Mrrafil [253] · Answer 1 · 2026-03-05T07:48:53+03:00

a. Total current yields -39.8μA. b. The value of ρν at z = 0.1 m is -15.81mC/m³. c. The charge velocity at z = 0.15 m is calculated to be 29.05m/s. To explain further: Total current is computed as follows: Using the formula J * ½((ρ1)² - (ρ0)²) * 2 π * φdza, where J represents Density = -10^6 * z^1.5, with ρ1 as 20 (upper limit for ρ), ρ0 as 0 (lower limit for ρ), π approximated as 22/7, and φdza as 10^-6, considering z = 0.1: The overall current then becomes: = -10^6 * z^1.5 * ½(20² - 0²) * 2 * 22/7 * 10^-6, = 10^6 * 0.1^1.5 * ½(20² - 0²) * 2 * 22/7 * 10^-6, which resolves to approximately -39.8μA. b.
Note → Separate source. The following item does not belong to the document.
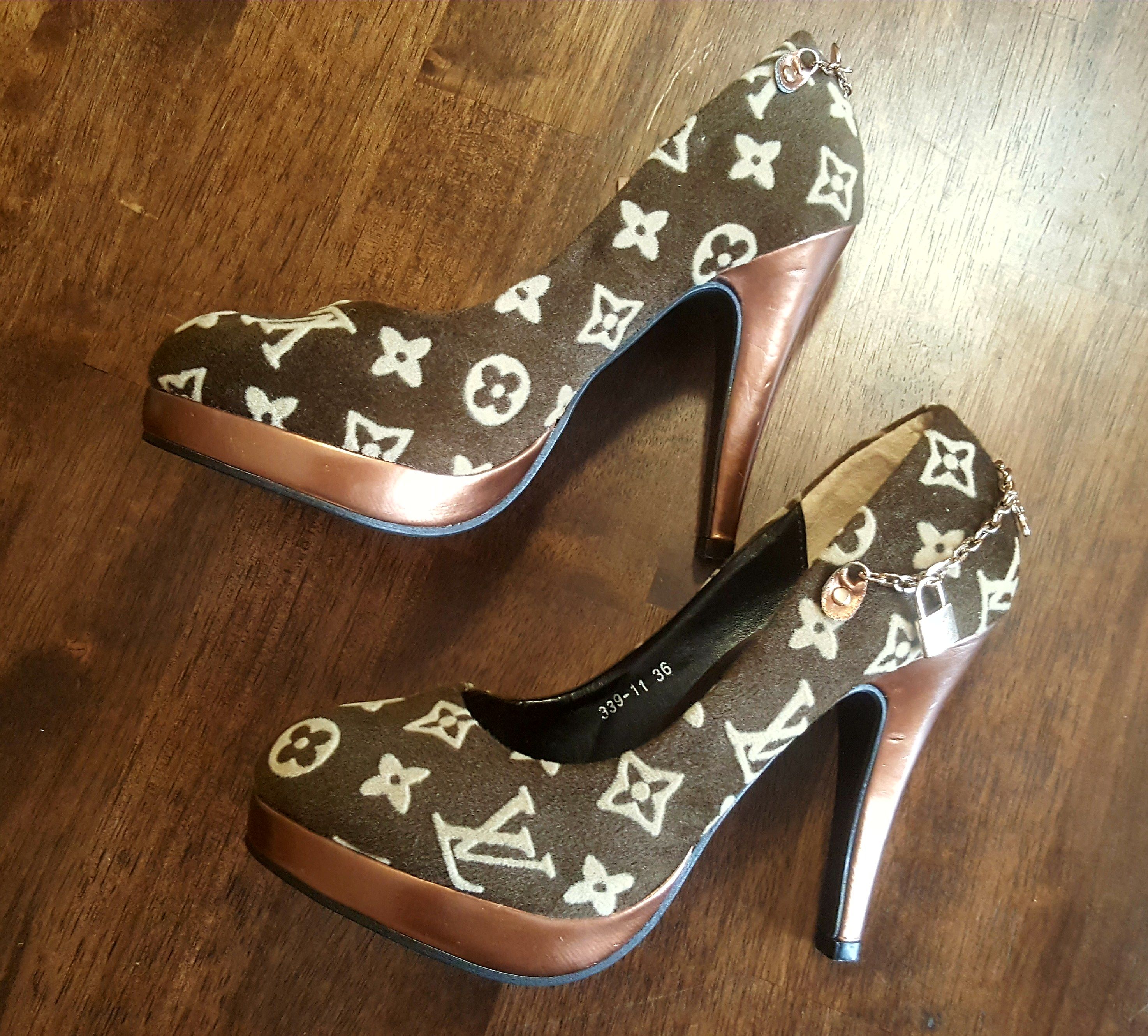 Louis Vuitton Pumps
To derive the charge density velocity (ρv): Density (J) = ρv * V, where J remains the same as before, V is noted to be 2 * 10^6, within the context of z = 0.1: Substituting generates -10^6 * 0.1 ^1.5 = ρv * 2 * 10^6, from which it follows that ρv = (-10^6 * 0.1^1.5)/(2 * 10^6), leading to the final computation of ρv = -0.01581mC/m³. c. To evaluate velocity at z = 0.15: Velocity is computed as J/V: Given that the volume charge density amounts to -2000 C/m³, J at this height calculates to -10^6 * 0.15^1.5: Thus, Velocity = -58094.75019311125/-2000, which results in approximately 29.05m/s.